I have a simple arrangement: Two 500 kΩ resistors connected in series. The teacher illustrates what it would be like to measure the p.d across one of these 500 kΩ resistors with a voltmeter with 50 kΩ resistance. To do so, he calculated the resistance in parallel of the voltmeter and one of the resistors. He got 45.5 kΩ. So far so good, but what he did next however is what I don't understand. He divides 45.5 kΩ by the total 545 kΩ and multiplies it by the e.m.f. Why would the voltmeter read (45.5 kΩ / 545 kΩ) x 12 V? I thought it would measure 6V out of the 12 of the source since both resistors had the same resistance. The voltmeter accounts for itself?

Thanks,
Peter G.

2. Sep 25, 2011

### PeterO

What he did is correct. Voltmeters give erroneous readings if you use them to measure the PD across a resistor with resistance of a similar , or larger, value to the meter itself.
Actually they give accurate readings, but the inclusion of the meter distorts the circuit.
To measure the PD in the circuit mentioned you would need a Voltmeter of much higher resistance.

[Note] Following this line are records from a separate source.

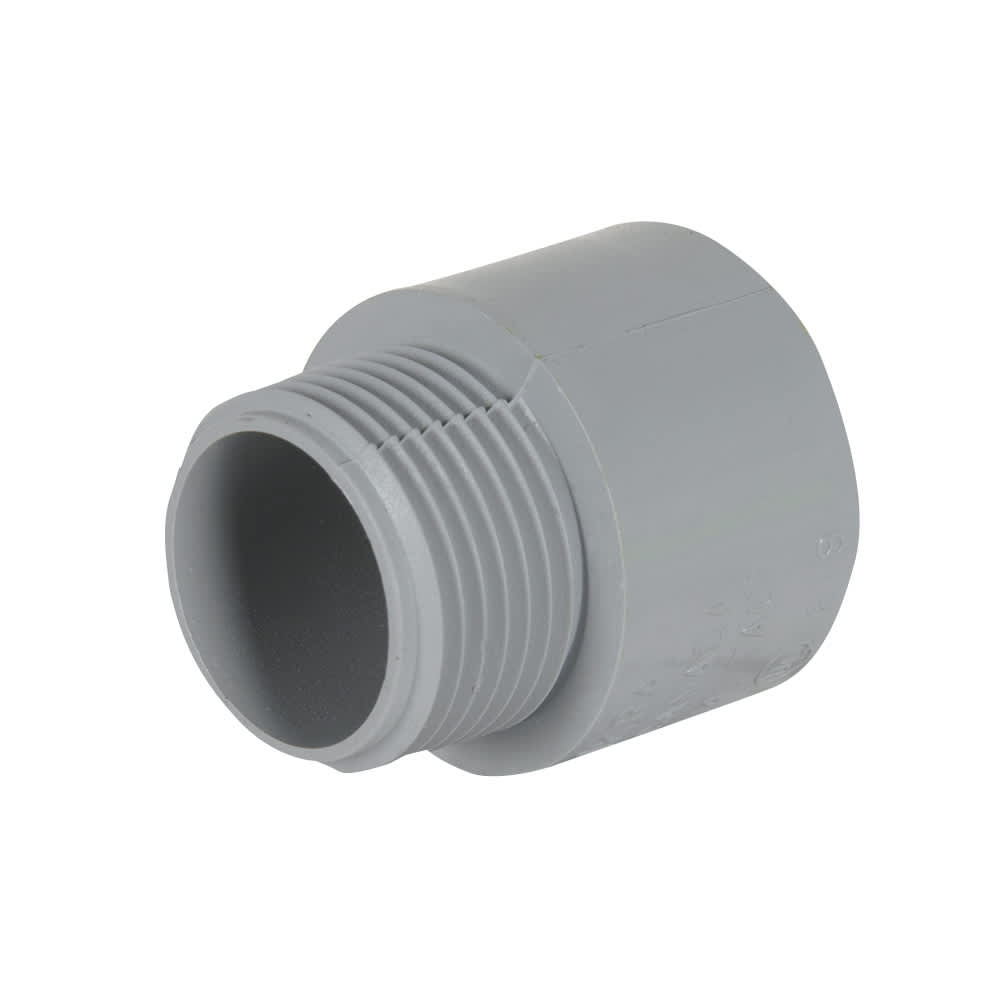 Electrical Conduit Adapter 3/4 in. MxM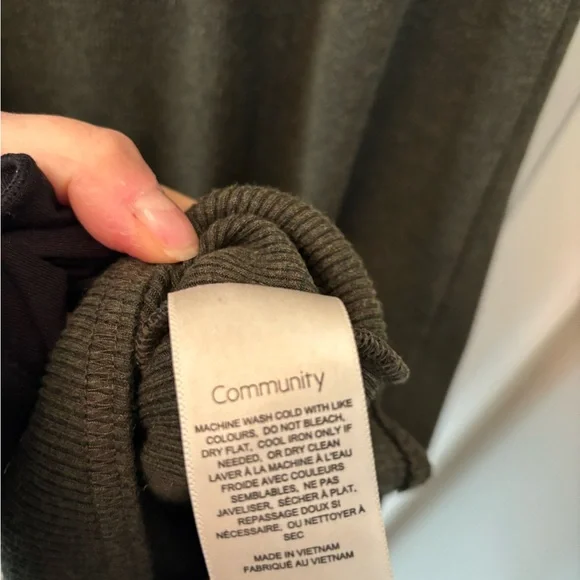 Community Ribbed Dress - Picture 4 of 6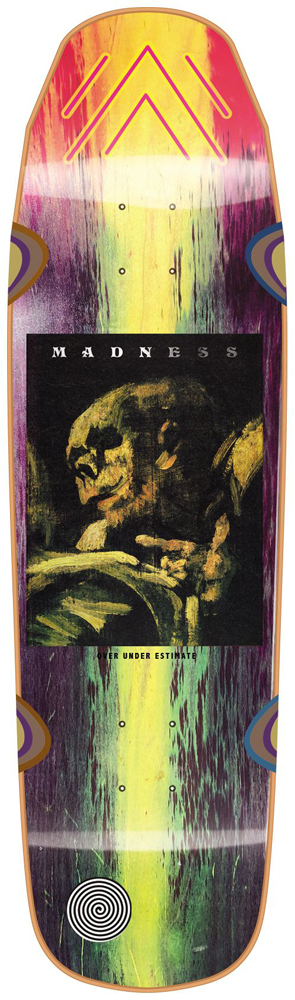 Madness Skateboard Deck Wrath 9,00 R7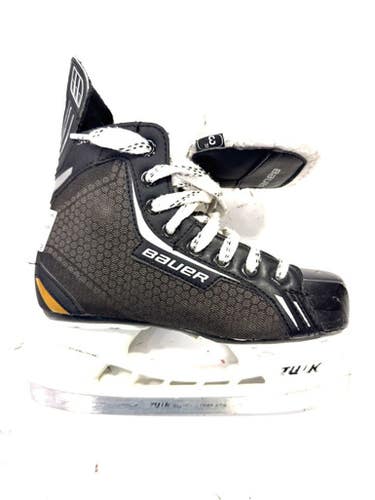 Used Bauer SUPREME ONE.4 Junior Hockey Skate Junior 03 11860-S000297644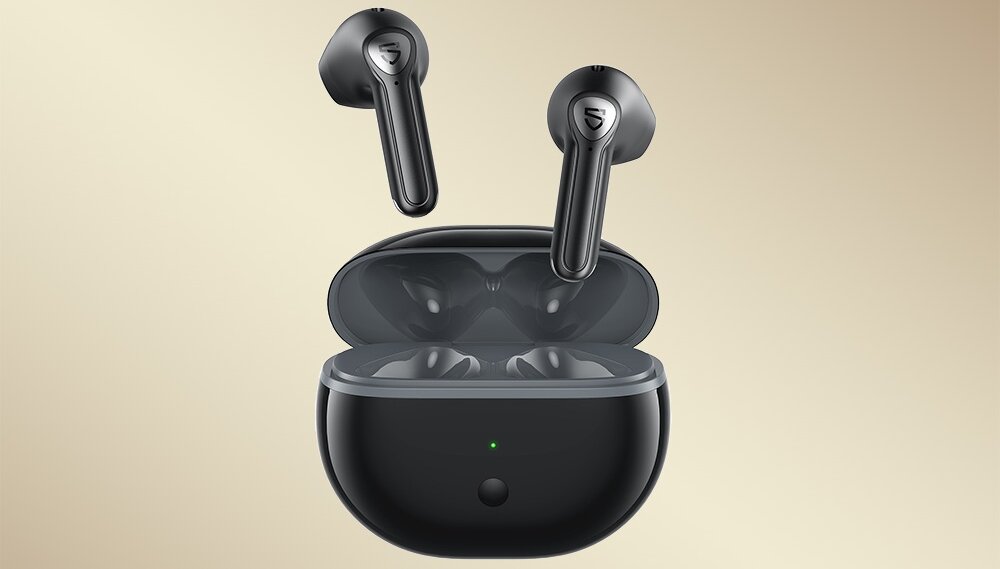 słuchawki dźwięk brzmienie bezprzewodowe etui ładowanie czas pracy bluetooth sterowanie obsługa jakość dźwięk 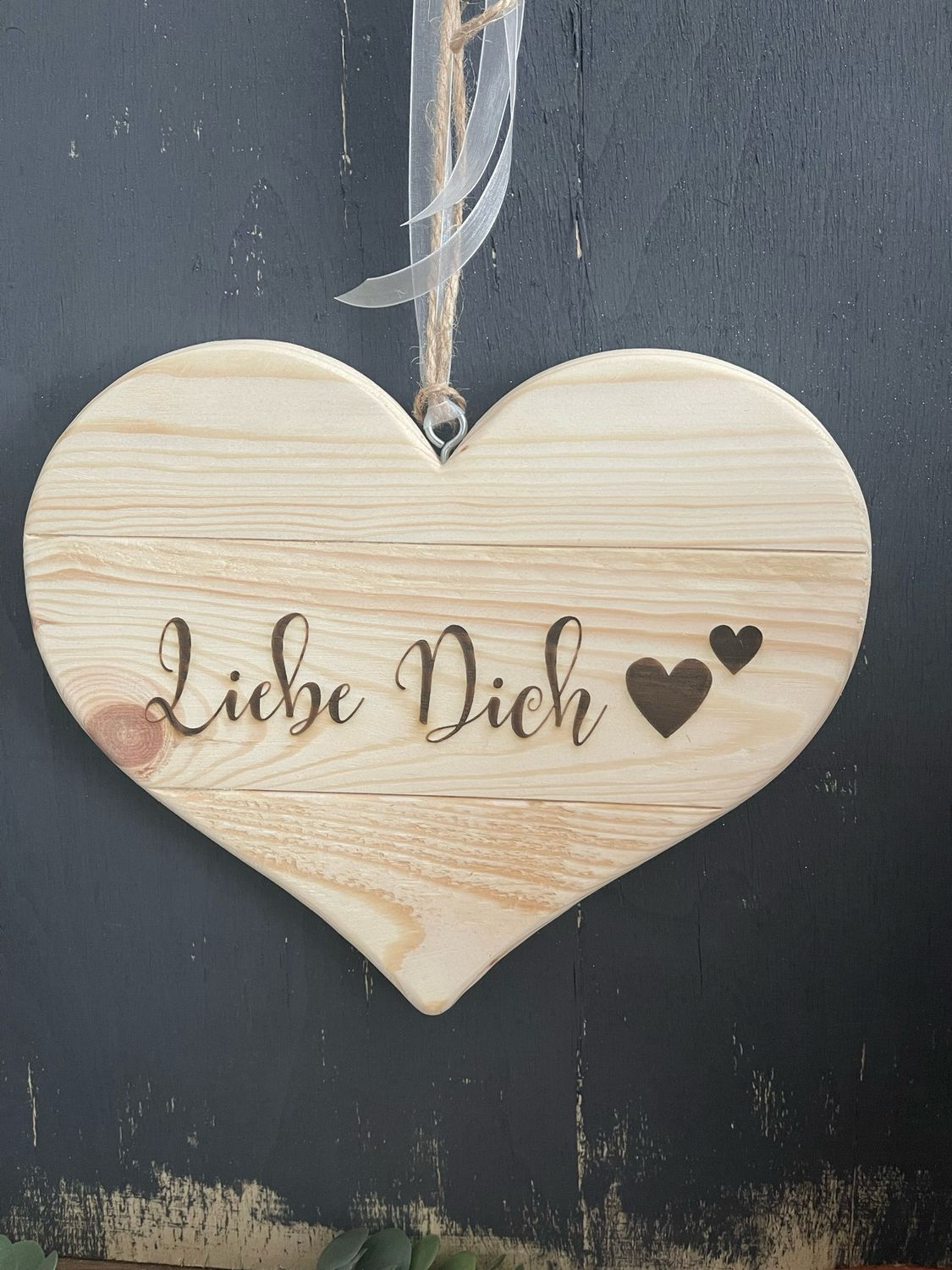 Herz "Große Liebe"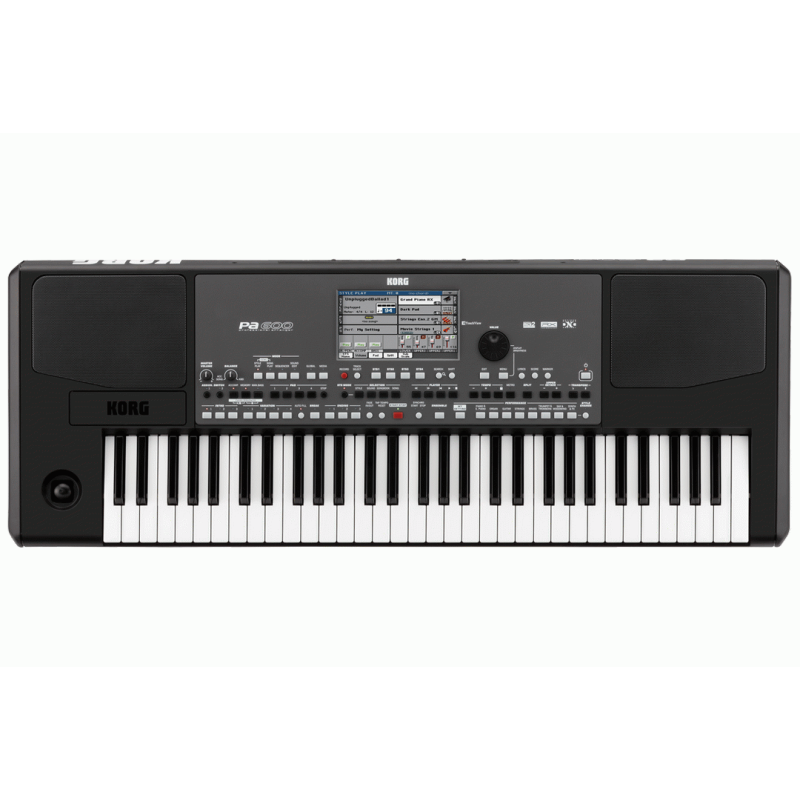 Korg Pa600 Professional Arranger Keyboard with TouchView Display and Extensive Sound Collection — view 2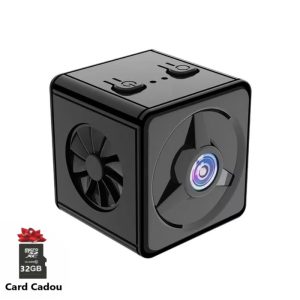 Mini Camera Spion, Dispozitiv pentru Spionaj cu Camera Video si Microfon, Detectarea miscarii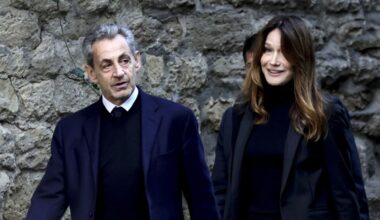 Oud-president Sarkozy mag hoger beroep in vrijheid afwachten
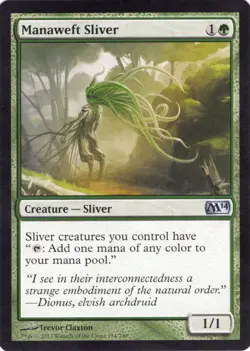 Manaweft Sliver U Magic 2014 (M14) 184 NM - Image 1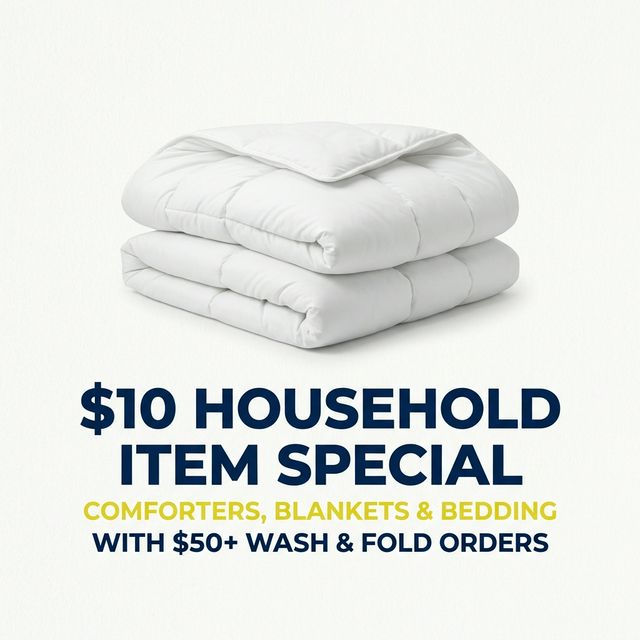 $10 Household Item Special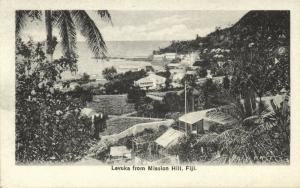 fiji islands, LEVUKA, Panorama from Mission Hill (1910s) Robbie & Co.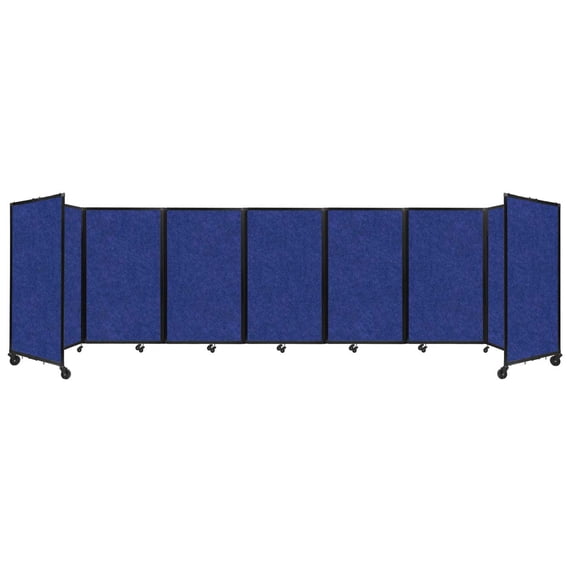Room Divider 360 Folding Portable Partition - SoundSorb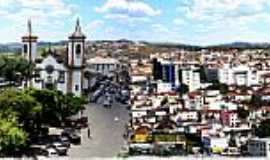 Oliveira - Oliveira-MG-Vista panormica da cidade-Foto:www.oliveira.mg.gov.br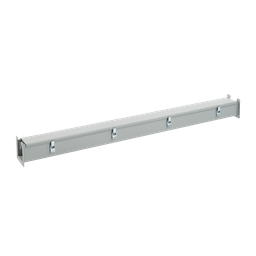 Straight Section Lay-in Hinged Cover Type 12, 6.00x6.00x120.00, Gray, Steel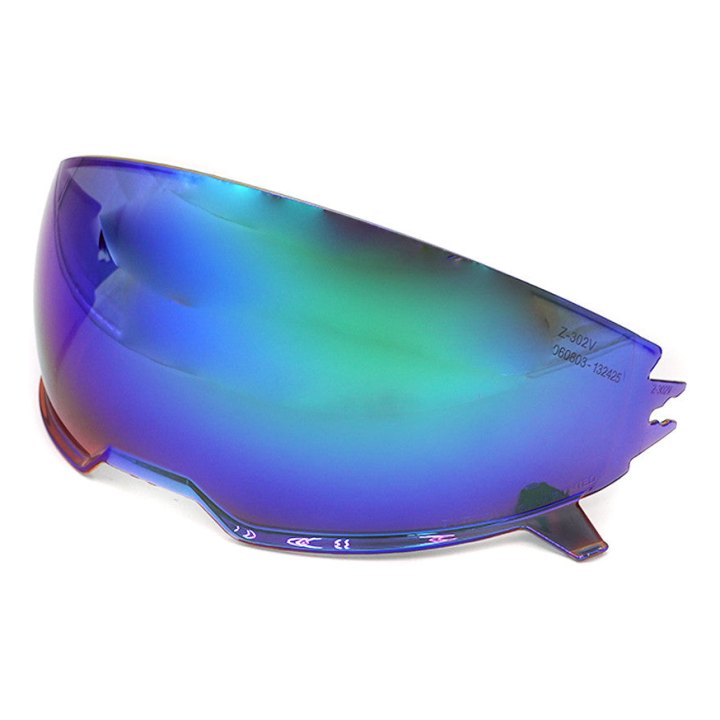 Visiere casque STREET Green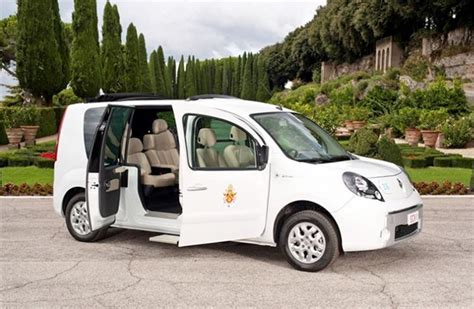 Fisker to make first-ever electric Popemobile | Autocar Professional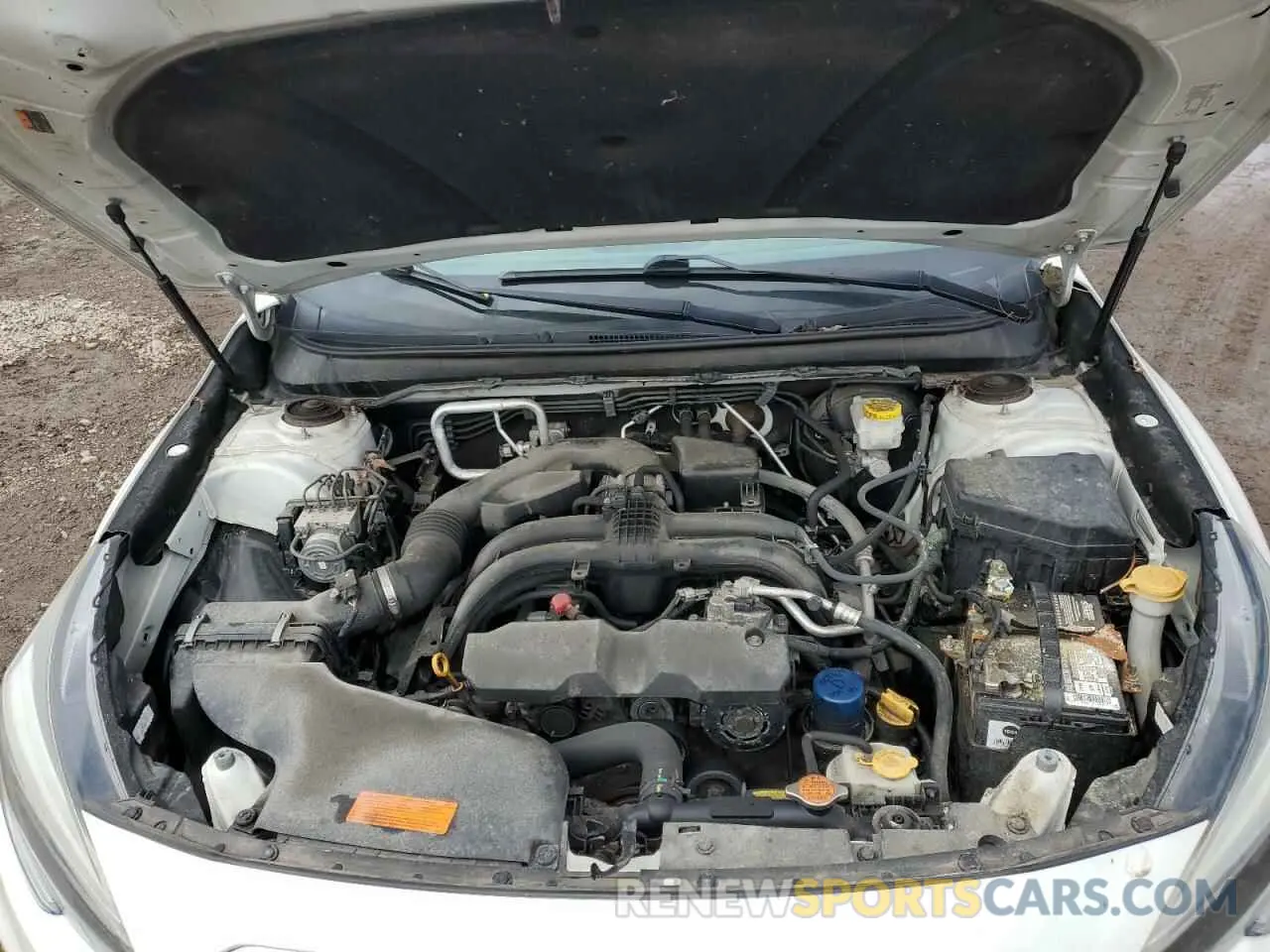 13 Фотография поврежденного автомобиля 4S4BSAFC3K3216013 SUBARU OUTBACK 2019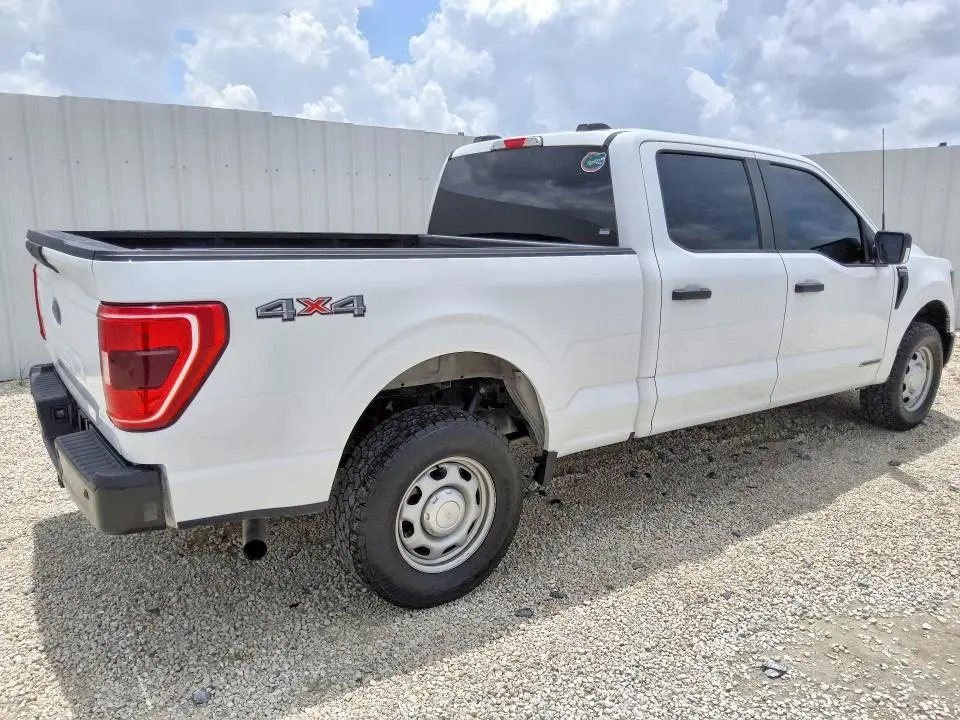 2023 FORD F150 SUPERCREW  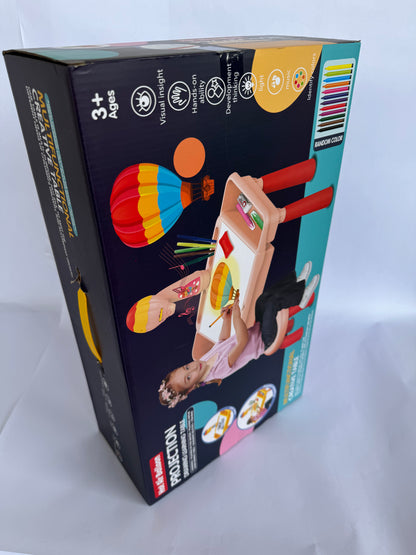 Mesa para Colorear plegable para niños Multifunción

A CRO would be better.

3. Sep 25, 2011

### Peter G.

But then why when we set up the same arrangement, but, instead of a voltmeter we use a resistor the p.d across a resistor would be 6 V in this example?

4. Sep 25, 2011

### PeterO

If you set up a voltage divider where the two parts were:
#1 a 500 000 Ohm resistor
#2 a 500 000 Ohm and a 50 000 Ohm resistor in parallel

Then the voltage would not be divided 6 - 6

it would be divided 1 - 11, since one part of the divider has 11 times the resistance of the other.